(Source records)

#####

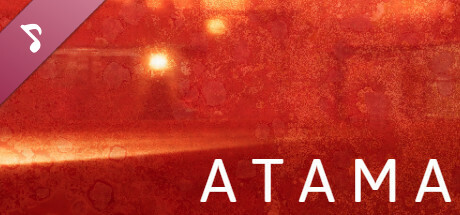 Atama Soundtrack cover art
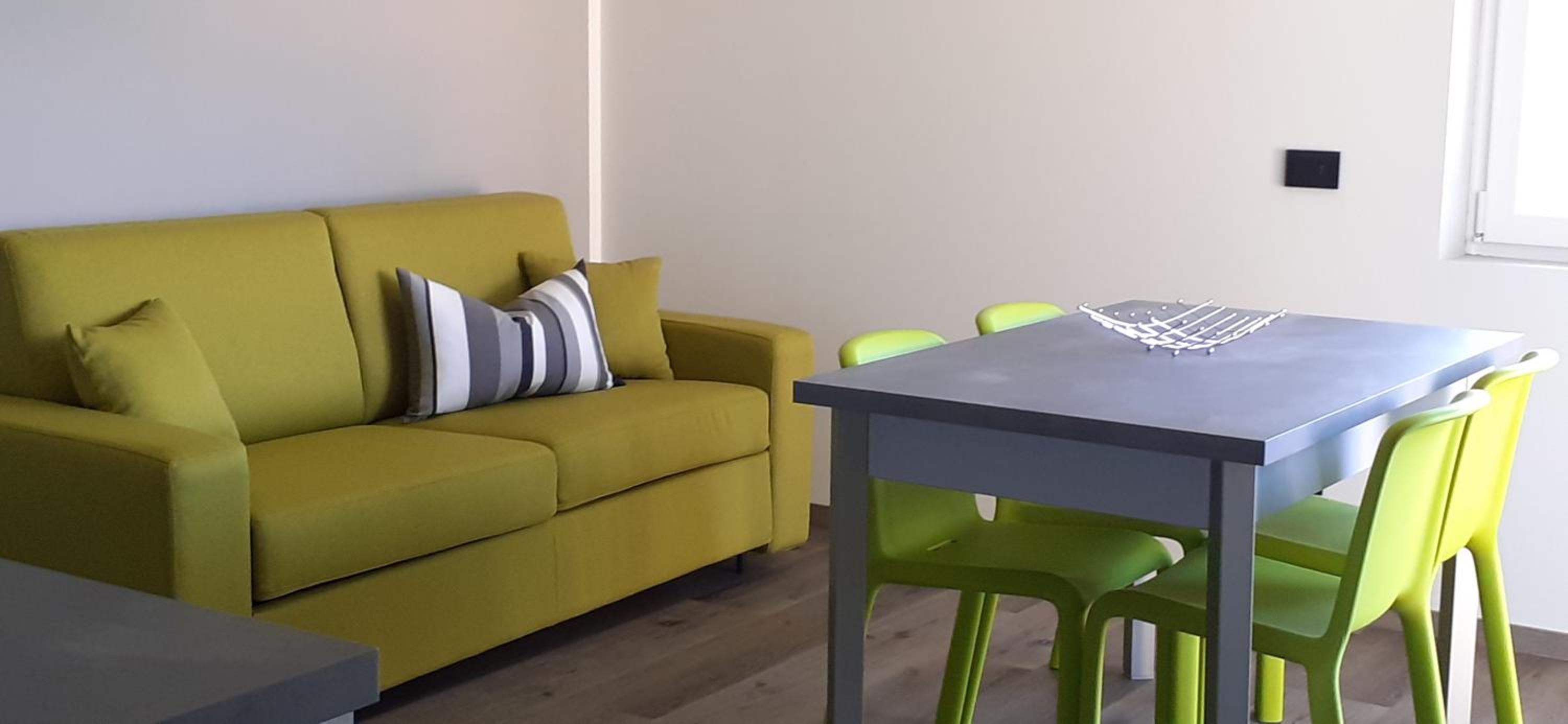 Two-Bedroom Apartment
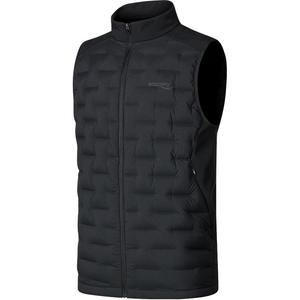 Saucony Пуховик мужской угольно-черный, Jet Black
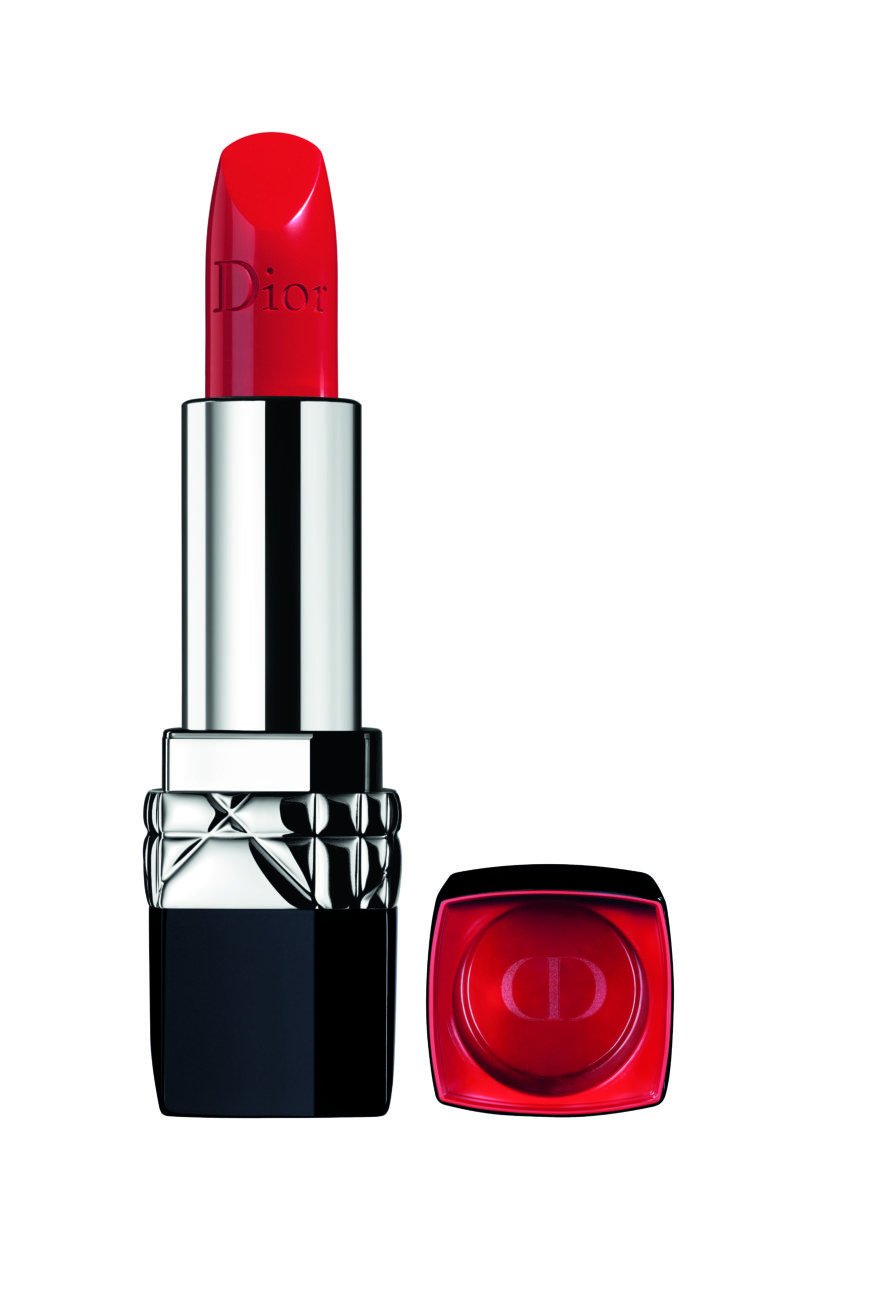 ROUGE DIOR #080 RED SMILE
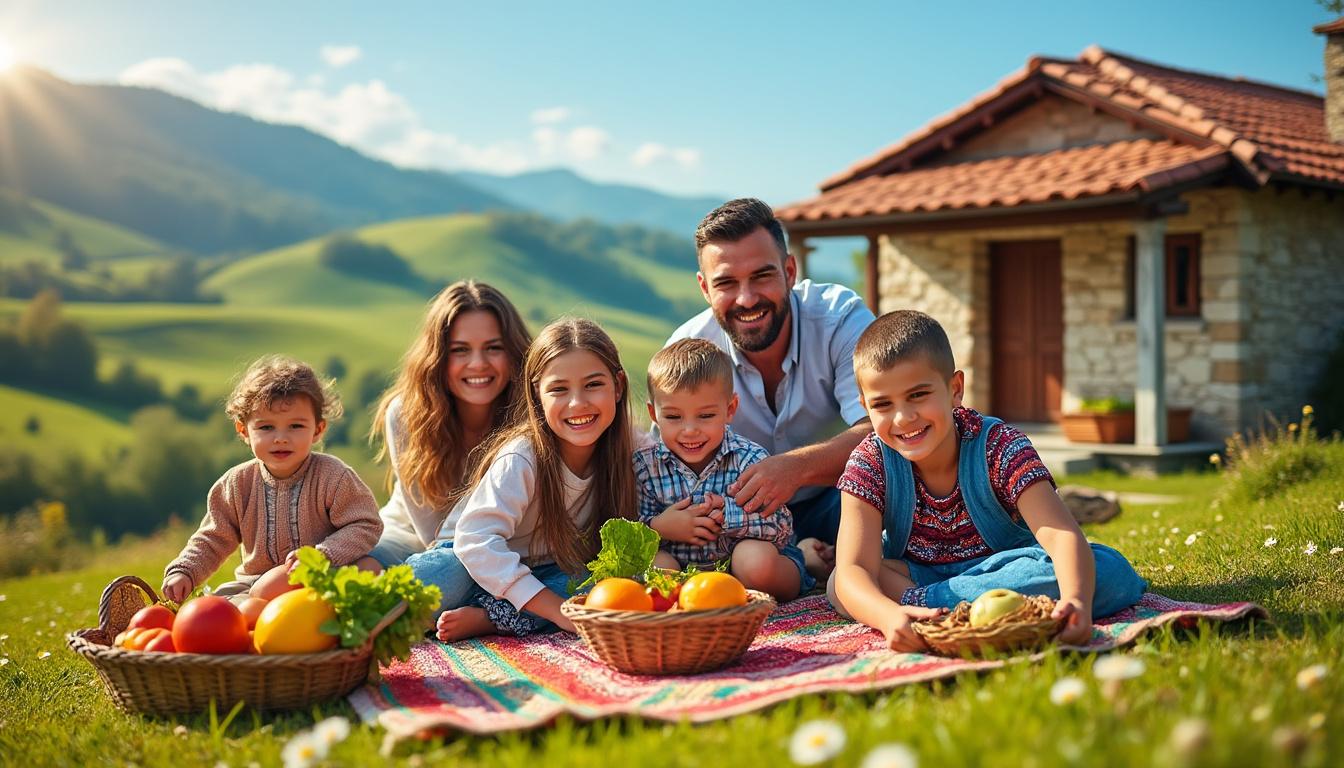 découvrez comment organiser un voyage en albanie en famille, avec des conseils pratiques pour créer des souvenirs inoubliables et profiter pleinement de cette destination unique.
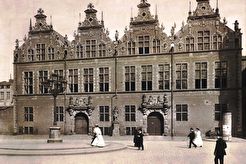 Danzig. Zeughaus (1890)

#####

> **Description of the task**
The lines wanted run from the one with "découvrez comment organiser" through the final line of the data; repeat them word for word and skip every picture.

> **Result for this exercise**
 découvrez comment organiser un voyage en albanie en famille, avec des conseils pratiques pour créer des souvenirs inoubliables et profiter pleinement de cette destination unique.
 Danzig. Zeughaus (1890)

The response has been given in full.